# (13)/(56)+(5)/(7)

The expression you mentioned, (13)/(56)+(5)/(7), involves fractions and addition. I’ll break it down for you in a clear and concise manner:

To simplify the expression, we need to find a common denominator for the fractions involved. In this case, the common denominator is 56 since both fractions have denominators of 56 and 7.

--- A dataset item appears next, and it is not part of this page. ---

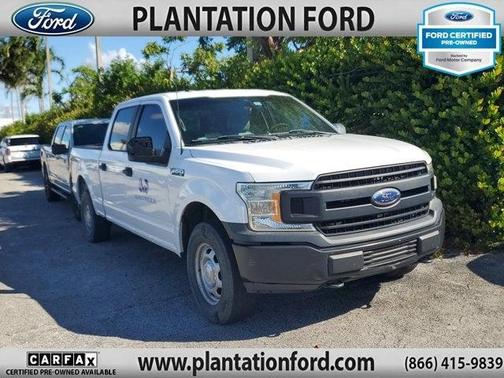 2019 Ford F-150 XL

Let’s simplify step by step:

1. Convert the first fraction, (13)/(56), to have a denominator of 56:
• Multiply the numerator (13) and the denominator (56) by the same number (4).
• (13) * (4) = 52
• (56) * (4) = 224
• The first fraction becomes 52/224.
2. Convert the second fraction, (5)/(7), to have a denominator of 56:
• Multiply the numerator (5) and the denominator (7) by the same number (8).
• (5) * (8) = 40
• (7) * (8) = 56
• The second fraction becomes 40/56.

Now that both fractions have a common denominator of 56, we can add them together:

1. Add the two fractions:
• (52/224) + (40/56) = (52 + 40) / 224
• 52 + 40 = 92
• The expression simplifies to 92/224.
2. Simplify the fraction:
• To simplify the fraction further, we can find the greatest common divisor (GCD) of the numerator and the denominator, which is 4.
• Divide both the numerator and the denominator by the GCD (4).
• (92/4) / (224/4) = 23/56

So, the expression (13)/(56)+(5)/(7) simplifies to 23/56.

I hope this explanation helps! If you have any further questions, feel free to ask.